The Mamdani administration will offer new gender-affirming care services at a clinic in the Corona section of Queens, but the city is limiting that care to adults out of fear of blowback from the Trump administration, the city health commissioner said during a City Council hearing on June 5.
Health Commissioner Alister Martin, speaking during a budget hearing with the Committees on Finance, Health, Mental Health, and Substance Use and Hospitals, said the city has “a clinic that will be opening up in Corona which will offer gender-affirming hormone therapy for adults,” prompting a question from out Queens Councilmember Tiffany Cabán, who is part of the City Council’s LGBTQIA+ Caucus and previously co-chaired it.

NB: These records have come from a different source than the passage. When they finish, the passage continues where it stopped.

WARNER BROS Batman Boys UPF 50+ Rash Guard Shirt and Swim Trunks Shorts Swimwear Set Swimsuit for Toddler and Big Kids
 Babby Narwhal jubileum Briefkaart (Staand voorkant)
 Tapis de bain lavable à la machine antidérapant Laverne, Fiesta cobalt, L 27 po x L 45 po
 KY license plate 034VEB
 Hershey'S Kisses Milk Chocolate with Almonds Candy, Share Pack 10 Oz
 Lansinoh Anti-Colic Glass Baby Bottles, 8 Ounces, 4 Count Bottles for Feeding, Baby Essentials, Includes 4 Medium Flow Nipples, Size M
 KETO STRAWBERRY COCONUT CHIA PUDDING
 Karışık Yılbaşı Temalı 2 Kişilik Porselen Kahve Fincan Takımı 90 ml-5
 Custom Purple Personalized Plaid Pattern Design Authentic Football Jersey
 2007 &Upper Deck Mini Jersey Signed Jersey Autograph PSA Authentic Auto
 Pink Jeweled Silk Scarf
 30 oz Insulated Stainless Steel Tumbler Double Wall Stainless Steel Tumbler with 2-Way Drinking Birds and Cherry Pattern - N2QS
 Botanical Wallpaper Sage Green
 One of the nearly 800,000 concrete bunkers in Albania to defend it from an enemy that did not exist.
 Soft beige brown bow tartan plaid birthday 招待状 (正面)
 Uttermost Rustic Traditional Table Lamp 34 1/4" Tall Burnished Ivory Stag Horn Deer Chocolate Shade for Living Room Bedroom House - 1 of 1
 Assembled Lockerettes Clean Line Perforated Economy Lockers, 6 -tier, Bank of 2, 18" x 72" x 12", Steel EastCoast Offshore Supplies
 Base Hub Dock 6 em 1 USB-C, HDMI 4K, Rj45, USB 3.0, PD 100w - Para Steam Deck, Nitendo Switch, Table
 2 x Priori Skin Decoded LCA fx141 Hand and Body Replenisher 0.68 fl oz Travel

Cabán emphasized the dwindling options for youth in the city at a time when private hospitals like NYU Langone and Mount Sinai have restricted gender-affirming care for minors, and she asked if the city plans to expand the care to youth.
Martin, in response, made it clear that the city fears repercussions from the Trump administration, but he indicated “there’s much more to come on this.”
“As you can appreciate, the balance that we have to strike is — we are committed to this issue and want to make sure that we provide the services and resources for youth, as well as making sure that we don’t expose ourselves to clawbacks from the federal government, which disrupt the rest of the care that we can give,” Martin said. “And so there’s much more to come on this, trying to sort of figure out that right balance. We’re eager to work with you on this, but rest assured we are working on this and we’re trying to figure out how to do this.”
The New York City Department of Health and Mental Hygiene did not respond to questions from Gay City News by deadline on June 10, but the department told Erin in the Morning that the Corona health center will limit the care to individuals 19 years of age or older.
While the administration said a clinic will be “opening up,” the city already has a Corona Sexual Health Clinic on the first floor at 34-33 Junction Boulevard, where services are offered from 8:30 a.m. to 3:30 p.m. Monday through Wednesday and on Fridays. The city health department did not respond to a question seeking details about the new clinic.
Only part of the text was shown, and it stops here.